Can saints be happy while sinners are lost?
Geisler observed: “The presupposition of this question is that we are more merciful than is God” (1999, p. 314). Christians wish damnation upon no one, but they also understand that God is perfectly merciful, desiring that everyone should be saved (2 Peter 3:9). Mr. Pearson has implied a distorted conception of Christian happiness. Christians are joyful not because souls are lost—or because of any negative circumstances such as sickness and death—but rather because Jesus has provided eternal salvation. Among other spiritual blessings, Christ offers providential care whereby even painful circumstances can be worked out for the ultimate good of His followers (Romans 8:28).

Christians certainly are not pleased by tragedies such as the eternal loss of souls. They mourn over sinful choices and consequences (Matthew 5:4). At the same time, however, their relationship to Christ brings the “peace of God, which surpasses all understanding” (Philippians 4:7). Paul expressed this overriding, perpetual happiness: “I have learned in whatever state I am, to be content: I know how to be abased, and I know how to abound.
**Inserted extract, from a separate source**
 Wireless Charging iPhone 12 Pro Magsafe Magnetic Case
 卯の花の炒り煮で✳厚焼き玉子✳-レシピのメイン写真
Everywhere and in all things I have learned both to be full and to be hungry, both to abound and to suffer need. I can do all things through Christ who strengthens me” (Philippians 4:11-13). Paul suffered his share of disappointment, as he watched some of his companions forsake the Lord, and prophesied of a great apostasy (1 Timothy 1:19-20; 4:1-5). Yet, Paul maintained a joyful spirit: “Rejoice in the Lord always. Again I will say, rejoice!” (Philippians 4:4). In the end, Christians will be happy in heaven, despite the fact that others, even loved ones, will be lost (see Revelation 21:4; cf. Jackson, 2003).

CONCLUSION

As Carlton Pearson’s arguments crumble before a consideration of biblical principle and historical analysis, we do not judge his motives, but rather pray that he will repent and obey the Lord (Matthew 7:21). If people such as Mr. Pearson are lost eternally it will be because they, having been warned about the danger of damnation, have chosen to live out of harmony with God’s will. Jonathan Edwards’ comment on this topic is pertinent:

It is a most unreasonable thing to suppose that there should be no future punishment, to suppose that God, who had made man a rational creature, able to know his duty, and sensible that he is deserving punishment when he does it not; should let man alone, and let him live as he will, and never punish him for his sins, and never make any difference between the good and the bad. . . . How unreasonable it is to suppose, that he who made the world, should leave things in such confusion, and never take care of the governing of his creatures, and that he should never judge his reasonable creatures (quoted in Geisler, 1999, p. 315).

Hell is devoid of grace, the saving power God extends while we live on Earth (Romans 1:16). We must encourage all to appropriate God’s grace to their souls by obeying the Gospel—the only way to avoid the vengeance of God (2 Thessalonians 1:8).